Ethan Pell - The End Is Now

Ethan Pell - The End Is Now (song review) |self-released, single, 2015| 4/5 soundtrack

Nuclear weapons and their use resulting in mass destruction have been a source of inspiring fear for many authors since its proven, long lasting effects have been historically witnessed in Hiroshima and Nagasaki. As if the weapon's impact hadn't been already tested enough, rocket makers permitted by governments have kept trying out their products through 'nuclear tests' which affected the Earth's natural structure, its people, oceans and stratosphere most negatively. A post-nuclear tremor does also leverage the planet's natural energy/vibration - therefore, sensitive people who are not even close to the test site can still feel its friction, which is just as disturbing - we all are vibrational beings after all.

A number of sci-fi writers, video game developers, movie directors, graphic designers, musicians, and other creative individuals have been trying to illustrate life's development and its limitations if such bombs were simultaneously unleashed in many locations around our planet. The idea of post-apocalyptic survival behaviors and all life aspects being turned upside down (or often reverted) feels both fascinating and terrifying. It also resonates with Ethan Pell - a Canadian musician from Montreal, who tried to depict such an event through his 'The End Is Now' song. His direct contact with musical instruments started when he was a child, but he still keeps trying to learn more each year. Currently, he's studying at a music school, specializing in jazz, and focusing on playing the guitar, hoping to utilize some of the gained knowledge through writing progressive and space rock compositions.

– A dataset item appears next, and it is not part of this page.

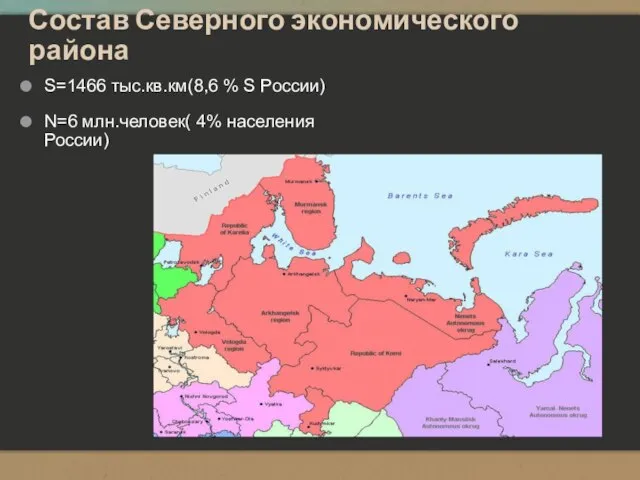 Состав Северного экономического района S=1466 тыс.кв.км(8,6 % S России) N=6 млн.человек( 4% населения России)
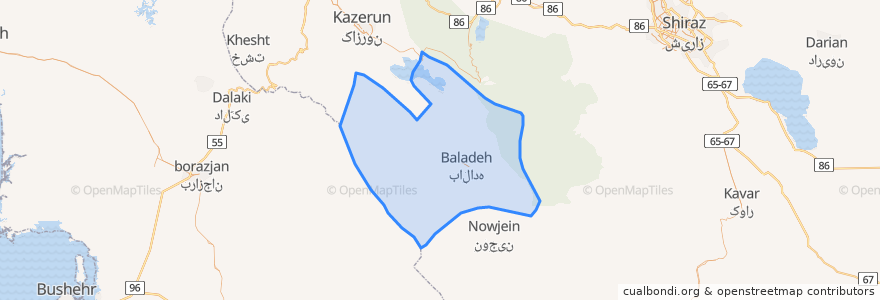 Mapa de ubicacion de بخش جره وبالاده.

The song starts with a moment of silence followed by a sad piano leitmotif, supported by electronic, vibrating sounds. Both are then joined by a raspy, weeping guitar solo with a slow, well matched drum and bass rhythm in the background. The guitar solo receives a hard rock ballad-esque tone later on.
The song may seem purely instrumental in the beginning, but vocals appear after the track's fourth minute. The voice is distorted, as if the vocalist was only a shadow or suffered from radiation illness in the post-apocalyptic world. The vocals are skillfully transmuted into noise (or wind) at the end. This allows listeners to imagine the 'before & after' landscapes – the same area, once alive and covered with fresh grass and flowers, now a dead and barren wasteland with specks of ash lifted by the wind.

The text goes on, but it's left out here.